Recently, there’s been a lot of turmoil in the systems language community. We have the Rust Evangelism Strikeforce nudging us towards rewriting everything in Rust. We have the C++17 folks who promise the safety and ease of use of modern programming languages with the performance and power of C. And then there’s a long tail of other “systems” programming languages, like Nim, Reason / OCaml, Crystal, Go, and Pony.
Personally, I’m super excited we’re seeing some interesting work in the programming language theory space. This got me excited to learn more about what’s out there. A lot of the problems I solve are usually solved in C. Recently, Go has begun to encroach on C’s territory. I enjoy C and Go as much as the next person — They’re good languages for getting shit done. Often times, they leave a lot to be desired, and leave me envious of other programmers with tools like Flow, Typescript, and Dialyzer. Coming from developing in Erlang, even with its rudimentary type system, functional programming just came far more easily to me.

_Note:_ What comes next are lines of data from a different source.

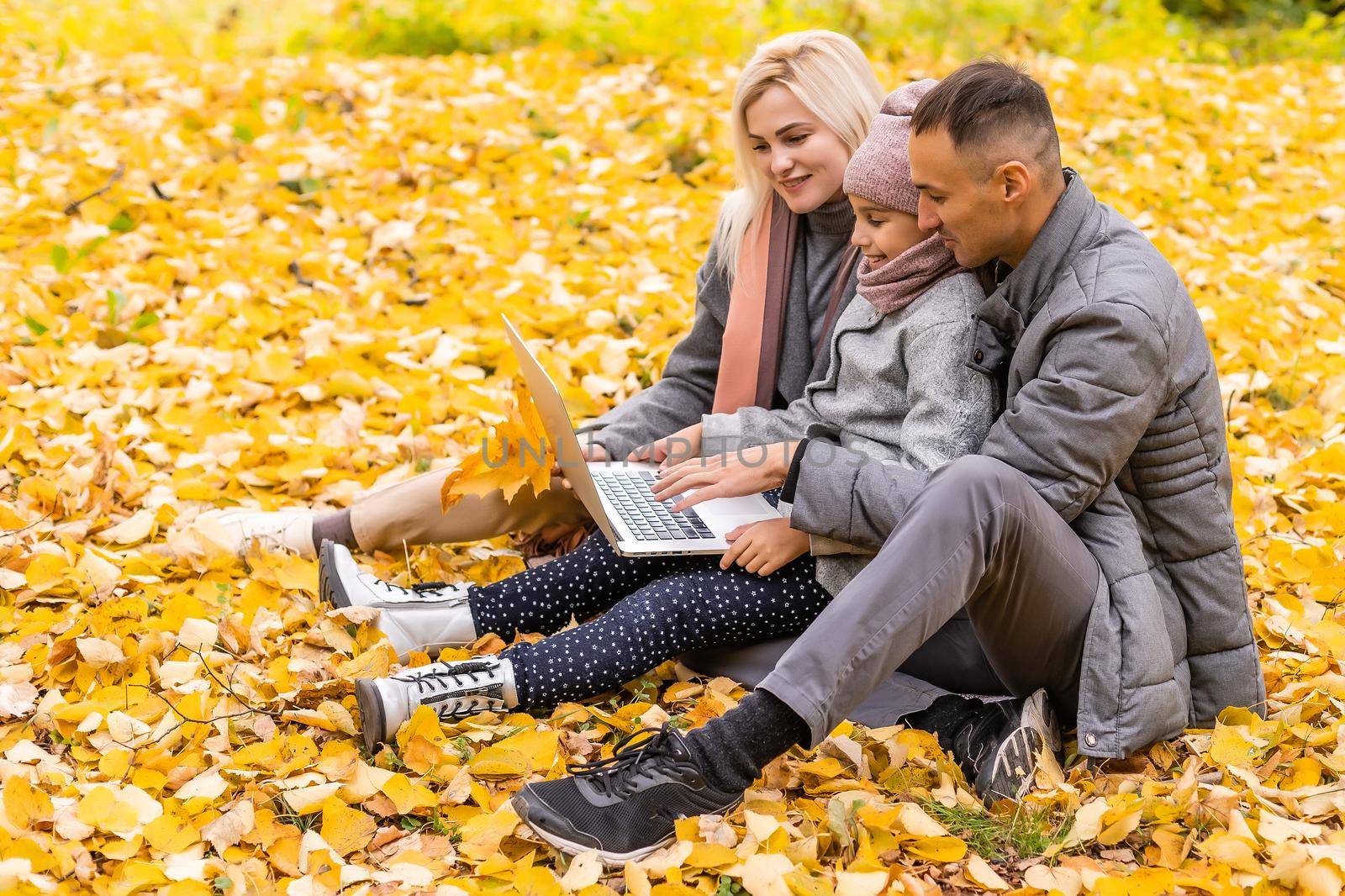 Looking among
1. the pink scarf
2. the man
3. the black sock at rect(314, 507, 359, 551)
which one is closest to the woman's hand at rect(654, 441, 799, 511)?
the man

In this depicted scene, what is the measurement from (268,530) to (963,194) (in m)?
1.76

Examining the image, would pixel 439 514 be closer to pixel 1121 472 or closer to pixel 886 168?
pixel 886 168

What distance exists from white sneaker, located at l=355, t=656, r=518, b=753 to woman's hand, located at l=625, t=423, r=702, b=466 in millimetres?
642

Let’s back up a bit. What is a systems language? Well, I think that depends on where you are in the stack, and who you ask. In general, I would suggest the definition of a systems language is a language that can be used to implement the components your systems runs atop.

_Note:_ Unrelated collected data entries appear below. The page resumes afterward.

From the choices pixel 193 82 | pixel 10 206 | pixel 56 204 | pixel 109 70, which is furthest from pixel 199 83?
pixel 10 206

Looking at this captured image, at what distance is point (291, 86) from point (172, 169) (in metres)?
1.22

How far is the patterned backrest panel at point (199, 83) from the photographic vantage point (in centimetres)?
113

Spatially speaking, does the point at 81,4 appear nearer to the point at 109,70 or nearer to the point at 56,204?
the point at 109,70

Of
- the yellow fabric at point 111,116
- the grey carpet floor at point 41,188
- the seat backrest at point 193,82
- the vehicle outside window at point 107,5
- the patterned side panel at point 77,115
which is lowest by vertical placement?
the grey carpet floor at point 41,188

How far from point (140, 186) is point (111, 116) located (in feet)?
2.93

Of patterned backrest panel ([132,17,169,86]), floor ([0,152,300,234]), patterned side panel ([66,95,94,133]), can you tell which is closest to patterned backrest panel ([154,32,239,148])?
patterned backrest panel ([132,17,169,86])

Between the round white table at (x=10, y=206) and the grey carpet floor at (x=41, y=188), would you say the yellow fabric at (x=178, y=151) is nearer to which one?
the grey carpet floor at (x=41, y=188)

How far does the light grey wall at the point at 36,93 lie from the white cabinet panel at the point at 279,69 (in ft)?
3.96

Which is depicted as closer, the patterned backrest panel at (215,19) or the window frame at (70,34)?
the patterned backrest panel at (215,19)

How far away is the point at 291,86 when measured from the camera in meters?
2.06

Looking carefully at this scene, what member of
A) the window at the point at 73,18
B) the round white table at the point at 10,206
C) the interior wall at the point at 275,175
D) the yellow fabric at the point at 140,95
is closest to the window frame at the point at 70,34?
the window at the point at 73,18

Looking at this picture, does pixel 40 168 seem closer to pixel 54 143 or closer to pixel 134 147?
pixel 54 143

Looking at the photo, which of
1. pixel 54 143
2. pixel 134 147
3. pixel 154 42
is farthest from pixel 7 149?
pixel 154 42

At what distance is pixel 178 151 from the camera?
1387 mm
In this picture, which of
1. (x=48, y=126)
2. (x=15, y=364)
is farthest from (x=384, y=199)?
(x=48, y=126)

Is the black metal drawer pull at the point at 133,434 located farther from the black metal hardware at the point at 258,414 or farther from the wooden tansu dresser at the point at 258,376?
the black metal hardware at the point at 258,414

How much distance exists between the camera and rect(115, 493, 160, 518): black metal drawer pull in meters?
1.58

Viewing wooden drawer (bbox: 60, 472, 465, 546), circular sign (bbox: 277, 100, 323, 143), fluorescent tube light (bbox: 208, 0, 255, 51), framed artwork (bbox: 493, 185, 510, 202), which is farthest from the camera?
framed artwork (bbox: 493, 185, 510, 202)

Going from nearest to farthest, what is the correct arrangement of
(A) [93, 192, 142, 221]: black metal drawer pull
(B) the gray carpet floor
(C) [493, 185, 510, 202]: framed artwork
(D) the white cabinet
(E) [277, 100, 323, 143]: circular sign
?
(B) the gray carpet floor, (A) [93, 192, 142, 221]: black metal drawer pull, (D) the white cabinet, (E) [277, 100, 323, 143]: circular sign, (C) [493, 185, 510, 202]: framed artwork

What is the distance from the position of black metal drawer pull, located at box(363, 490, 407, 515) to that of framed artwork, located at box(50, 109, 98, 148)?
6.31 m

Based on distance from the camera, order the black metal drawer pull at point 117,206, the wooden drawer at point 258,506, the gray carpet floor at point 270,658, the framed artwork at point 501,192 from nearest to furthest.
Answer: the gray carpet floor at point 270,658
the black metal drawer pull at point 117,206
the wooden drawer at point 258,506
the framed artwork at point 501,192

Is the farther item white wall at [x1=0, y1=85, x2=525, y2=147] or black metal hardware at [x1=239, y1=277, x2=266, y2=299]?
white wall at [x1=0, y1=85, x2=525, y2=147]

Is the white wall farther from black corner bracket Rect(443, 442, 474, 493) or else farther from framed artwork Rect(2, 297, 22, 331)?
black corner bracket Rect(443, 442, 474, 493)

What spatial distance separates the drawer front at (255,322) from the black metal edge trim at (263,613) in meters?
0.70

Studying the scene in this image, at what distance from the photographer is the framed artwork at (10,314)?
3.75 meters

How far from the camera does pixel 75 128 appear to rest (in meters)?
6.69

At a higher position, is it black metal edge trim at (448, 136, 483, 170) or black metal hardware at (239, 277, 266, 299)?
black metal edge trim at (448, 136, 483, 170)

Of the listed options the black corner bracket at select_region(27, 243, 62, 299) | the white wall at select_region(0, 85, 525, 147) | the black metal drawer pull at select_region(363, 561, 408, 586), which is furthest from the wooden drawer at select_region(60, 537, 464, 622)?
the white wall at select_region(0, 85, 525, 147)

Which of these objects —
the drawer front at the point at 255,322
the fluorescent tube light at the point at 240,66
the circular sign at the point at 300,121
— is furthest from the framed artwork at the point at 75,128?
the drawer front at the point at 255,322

Similarly, a Java programmer must understand the runtime behaviour of the JVM, but until OpenJDK, the implementation language was irrelevant. Even though these ecosystems are fairly mature, there will always be a need to someone to understand what’s going on underneath them in the system when the computers break.
At the end of the day, things written in systems programming languages rarely deliver direct business value, but build the underlying infrastructure to deliver business value. They are a necessary evil, and for most organizations, investing in them is a cost center, as their usage is not central to the success of the product.
From the perspective of the application developer, databases, RPC libraries, load balancers, and caches are just another piece of infrastructure. Fundamentally, this infrastructure is composed of various systems components. We’ve seen these infrastructure components come in a variety of languages. For example, databases have been implemented in a variety of languages, such as Java (Cassandra), C++ (MongoDB), Erlang (CouchDB, Riak), C (Postgresql), and Go (CockroachDB). Data pipelines have been implemented in Java (Kafka, Spark), and C++ (Heron). Caching has largely stayed in the domain of C (Redis, Memcache).
Many of these projects end up leveraging shared infrastructure that developed over the years. Projects like LevelDB / RocksDB (C++) have found themselves everywhere. SQLite seems to run in nearly every system.
At the end of the day, nearly all of these systems rely on our operating systems userland and the Linux Kernel. Most of the distributions of Linux still use a userland largely written in C. Although, GNU C has a ridiculous amount of extensions, enabling everything from a formalized memory model to thread-local variables, it is still C. There have been attempts to introduce userlands in Go, Rust, and Nim, but none of these projects have gained wide adoption.
At the end of the day, nearly all of us run software on the Linux Kernel. The Linux Kernel is written in C, and has no intention of accepting C++ for good reasons. There are alternative kernels in development that use languages other than C such as Fuschia and MirageOS, but none have yet reached the maturity to run production workloads.
I wanted to see if I could write a very simple userland utility that I would normally write in C in another language. Go has replaced much of my usage of C these days, but it’s not a language I’m happy with, but rather it is the pragmatic choice. I get memory management, a ton of build tooling, and a much simpler language. I lose generics, macros, and a whole lot of insight into what I’m doing.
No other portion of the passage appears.